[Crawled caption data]
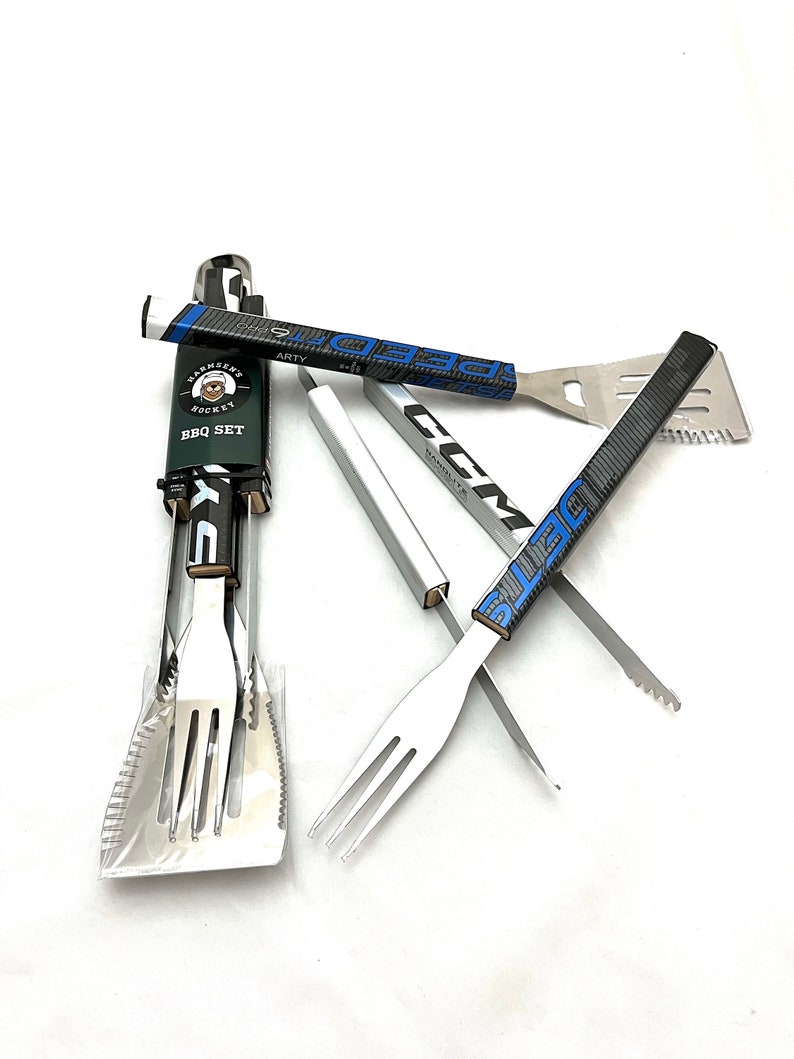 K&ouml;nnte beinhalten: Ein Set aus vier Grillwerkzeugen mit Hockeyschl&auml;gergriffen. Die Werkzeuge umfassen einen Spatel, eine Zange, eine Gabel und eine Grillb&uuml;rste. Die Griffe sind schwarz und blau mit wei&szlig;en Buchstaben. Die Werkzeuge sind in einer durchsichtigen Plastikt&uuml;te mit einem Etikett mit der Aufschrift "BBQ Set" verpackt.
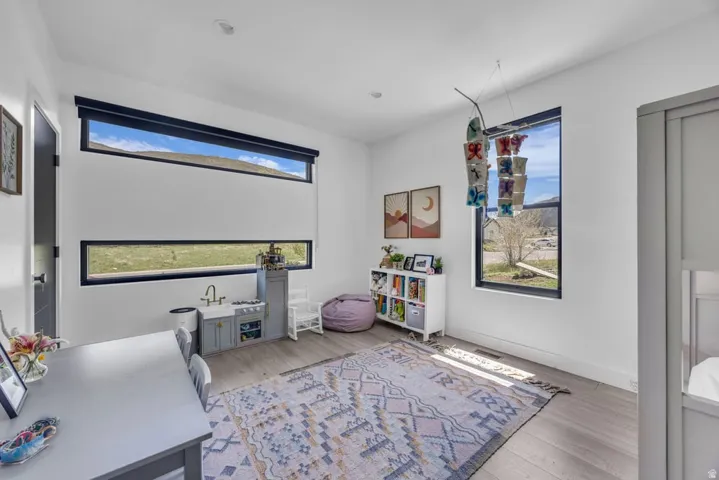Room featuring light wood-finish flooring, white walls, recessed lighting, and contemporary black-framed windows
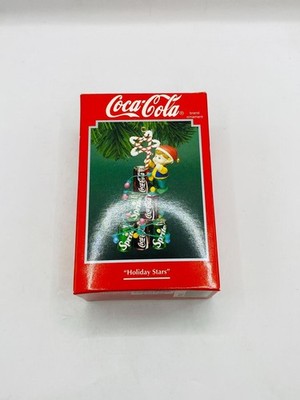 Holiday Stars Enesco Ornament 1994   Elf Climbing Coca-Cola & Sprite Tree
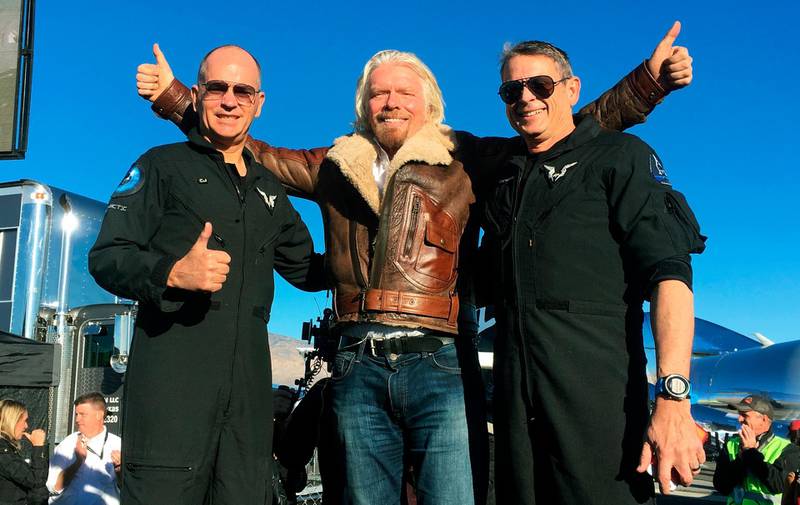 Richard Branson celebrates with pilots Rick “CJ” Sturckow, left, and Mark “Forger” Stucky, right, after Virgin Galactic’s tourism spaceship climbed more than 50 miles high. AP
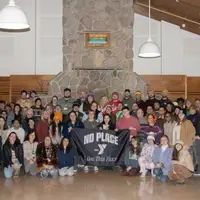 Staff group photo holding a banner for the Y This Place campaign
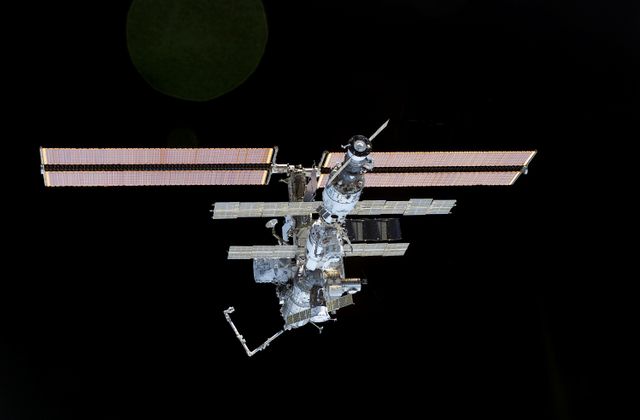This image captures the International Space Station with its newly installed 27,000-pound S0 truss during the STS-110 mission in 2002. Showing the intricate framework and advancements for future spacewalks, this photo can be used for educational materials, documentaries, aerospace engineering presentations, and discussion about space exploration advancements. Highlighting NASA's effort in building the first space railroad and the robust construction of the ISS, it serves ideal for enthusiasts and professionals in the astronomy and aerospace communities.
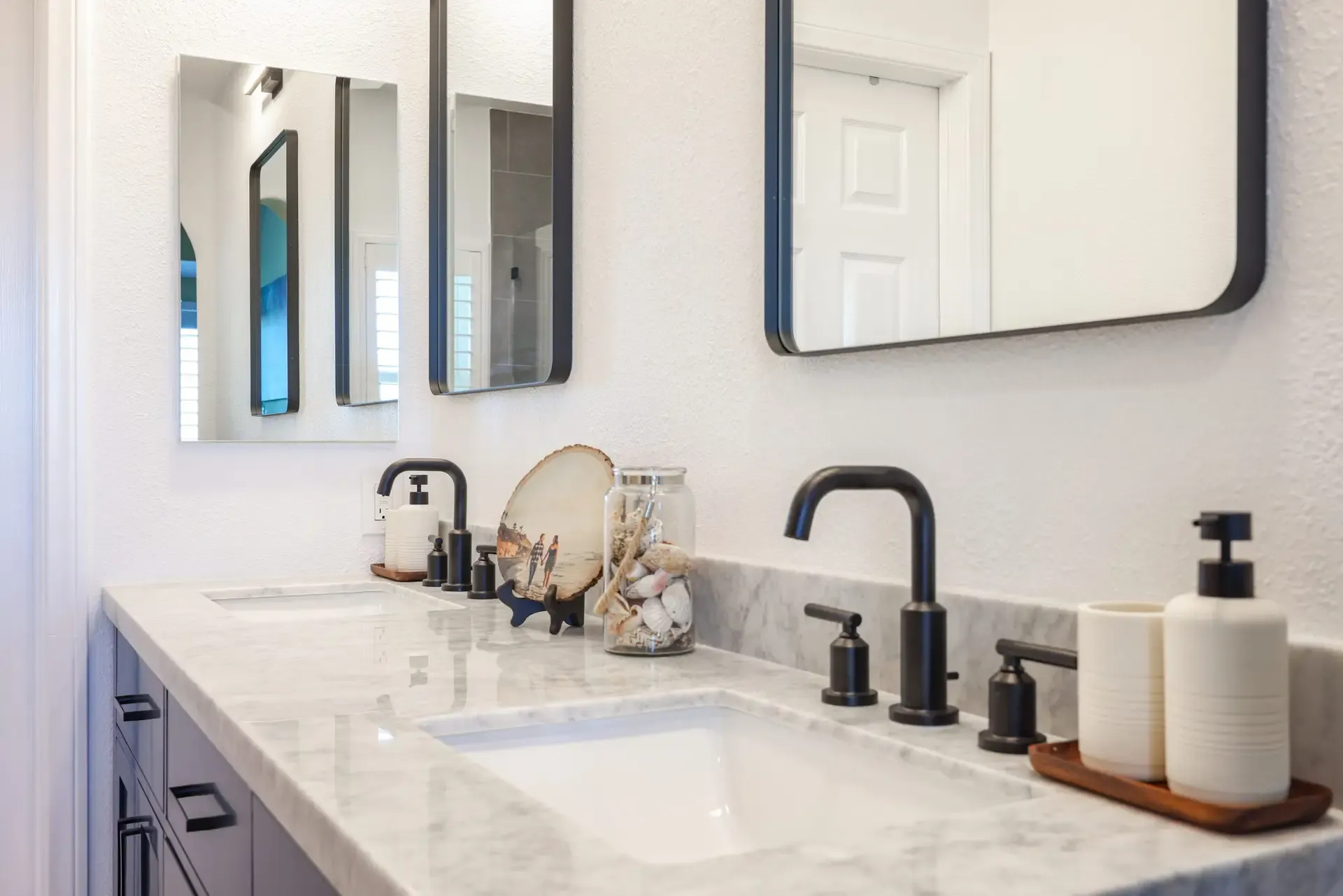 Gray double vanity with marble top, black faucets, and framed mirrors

* **THE PROBLEM**
None of the pictures belongs in the answer, but all the entries must be repeated exactly.

* **RESPONSE AREA**
 K&ouml;nnte beinhalten: Ein Set aus vier Grillwerkzeugen mit Hockeyschl&auml;gergriffen. Die Werkzeuge umfassen einen Spatel, eine Zange, eine Gabel und eine Grillb&uuml;rste. Die Griffe sind schwarz und blau mit wei&szlig;en Buchstaben. Die Werkzeuge sind in einer durchsichtigen Plastikt&uuml;te mit einem Etikett mit der Aufschrift "BBQ Set" verpackt.
Room featuring light wood-finish flooring, white walls, recessed lighting, and contemporary black-framed windows
 Holiday Stars Enesco Ornament 1994   Elf Climbing Coca-Cola & Sprite Tree
 Richard Branson celebrates with pilots Rick “CJ” Sturckow, left, and Mark “Forger” Stucky, right, after Virgin Galactic’s tourism spaceship climbed more than 50 miles high. AP
 Staff group photo holding a banner for the Y This Place campaign
This image captures the International Space Station with its newly installed 27,000-pound S0 truss during the STS-110 mission in 2002. Showing the intricate framework and advancements for future spacewalks, this photo can be used for educational materials, documentaries, aerospace engineering presentations, and discussion about space exploration advancements. Highlighting NASA's effort in building the first space railroad and the robust construction of the ISS, it serves ideal for enthusiasts and professionals in the astronomy and aerospace communities.
 Gray double vanity with marble top, black faucets, and framed mirrors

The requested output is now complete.